------ Information supplied

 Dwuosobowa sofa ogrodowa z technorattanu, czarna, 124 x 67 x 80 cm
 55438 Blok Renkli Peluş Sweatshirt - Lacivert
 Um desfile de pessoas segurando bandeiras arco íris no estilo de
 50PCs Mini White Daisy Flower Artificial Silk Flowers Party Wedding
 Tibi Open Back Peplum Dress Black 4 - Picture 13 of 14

------------
------ Information supplied

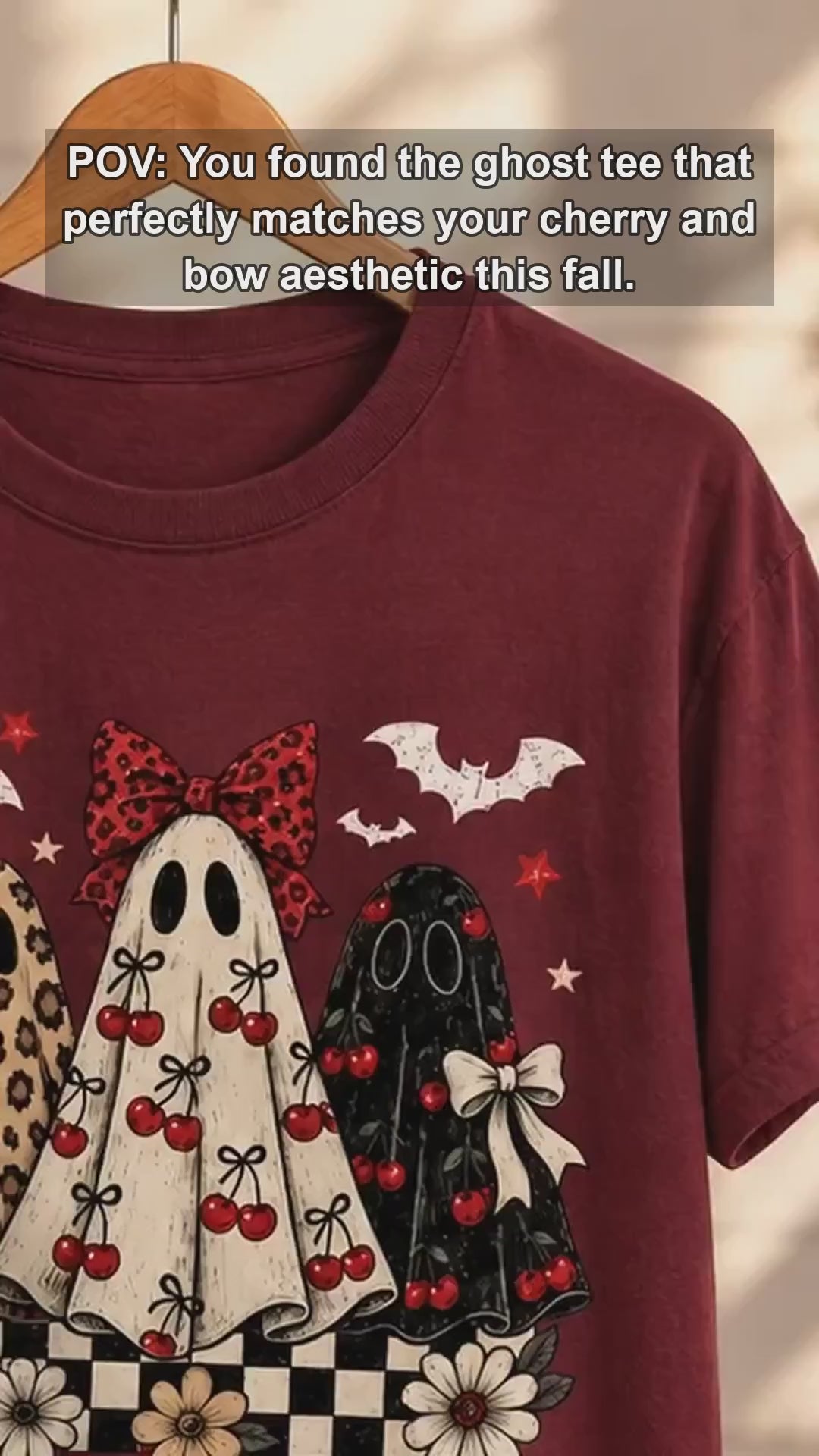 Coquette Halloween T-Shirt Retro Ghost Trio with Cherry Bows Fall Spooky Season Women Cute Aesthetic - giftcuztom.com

------------

What is needed
In the listing above, find the line with "50PCs Mini White" and the line with "Tibi Open Back", then print exactly those two lines and every line between them, and nothing more.

Result below
 50PCs Mini White Daisy Flower Artificial Silk Flowers Party Wedding
 Tibi Open Back Peplum Dress Black 4 - Picture 13 of 14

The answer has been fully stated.